*EXERCISE DESCRIPTION:* In the entries that follow, which lines hold the string "Vintage"? List them.

Start of SUPPLIED ENTRIES

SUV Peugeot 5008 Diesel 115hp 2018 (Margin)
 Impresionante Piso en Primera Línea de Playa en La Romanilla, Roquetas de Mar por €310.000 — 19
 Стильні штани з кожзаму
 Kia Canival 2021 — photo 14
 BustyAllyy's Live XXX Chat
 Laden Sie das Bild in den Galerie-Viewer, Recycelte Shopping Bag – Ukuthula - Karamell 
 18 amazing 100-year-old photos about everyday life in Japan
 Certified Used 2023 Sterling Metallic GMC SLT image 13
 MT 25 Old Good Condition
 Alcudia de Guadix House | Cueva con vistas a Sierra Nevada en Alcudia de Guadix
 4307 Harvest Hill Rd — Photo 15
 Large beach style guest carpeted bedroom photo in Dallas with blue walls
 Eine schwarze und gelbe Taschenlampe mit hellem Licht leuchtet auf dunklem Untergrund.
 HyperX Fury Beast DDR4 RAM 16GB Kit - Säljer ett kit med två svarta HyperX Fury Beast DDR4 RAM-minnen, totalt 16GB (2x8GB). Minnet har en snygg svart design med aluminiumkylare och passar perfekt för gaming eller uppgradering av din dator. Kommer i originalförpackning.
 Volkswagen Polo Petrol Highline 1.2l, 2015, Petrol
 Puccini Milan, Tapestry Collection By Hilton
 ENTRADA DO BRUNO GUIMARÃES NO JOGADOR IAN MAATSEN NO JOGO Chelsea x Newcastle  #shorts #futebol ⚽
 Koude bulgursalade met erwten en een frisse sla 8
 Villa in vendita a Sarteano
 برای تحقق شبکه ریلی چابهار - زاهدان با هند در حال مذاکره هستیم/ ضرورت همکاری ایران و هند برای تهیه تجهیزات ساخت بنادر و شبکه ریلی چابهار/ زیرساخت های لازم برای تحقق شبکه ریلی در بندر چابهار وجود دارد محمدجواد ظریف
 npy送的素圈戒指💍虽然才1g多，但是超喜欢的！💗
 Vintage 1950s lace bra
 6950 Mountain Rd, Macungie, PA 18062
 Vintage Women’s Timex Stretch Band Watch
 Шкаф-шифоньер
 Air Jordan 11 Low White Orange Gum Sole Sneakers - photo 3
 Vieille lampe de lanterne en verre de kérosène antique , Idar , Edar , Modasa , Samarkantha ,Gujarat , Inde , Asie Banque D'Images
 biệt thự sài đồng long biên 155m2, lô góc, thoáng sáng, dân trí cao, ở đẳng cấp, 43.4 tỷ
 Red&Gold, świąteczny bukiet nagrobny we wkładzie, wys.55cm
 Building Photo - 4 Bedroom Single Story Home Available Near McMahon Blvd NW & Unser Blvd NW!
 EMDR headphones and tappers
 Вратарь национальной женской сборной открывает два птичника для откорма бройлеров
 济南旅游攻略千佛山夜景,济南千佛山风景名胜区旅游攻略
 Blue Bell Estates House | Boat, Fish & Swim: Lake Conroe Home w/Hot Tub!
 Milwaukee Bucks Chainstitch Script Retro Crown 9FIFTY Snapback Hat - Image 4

End of SUPPLIED ENTRIES

*OUTPUT BELOW:*
 Vintage 1950s lace bra
 Vintage Women’s Timex Stretch Band Watch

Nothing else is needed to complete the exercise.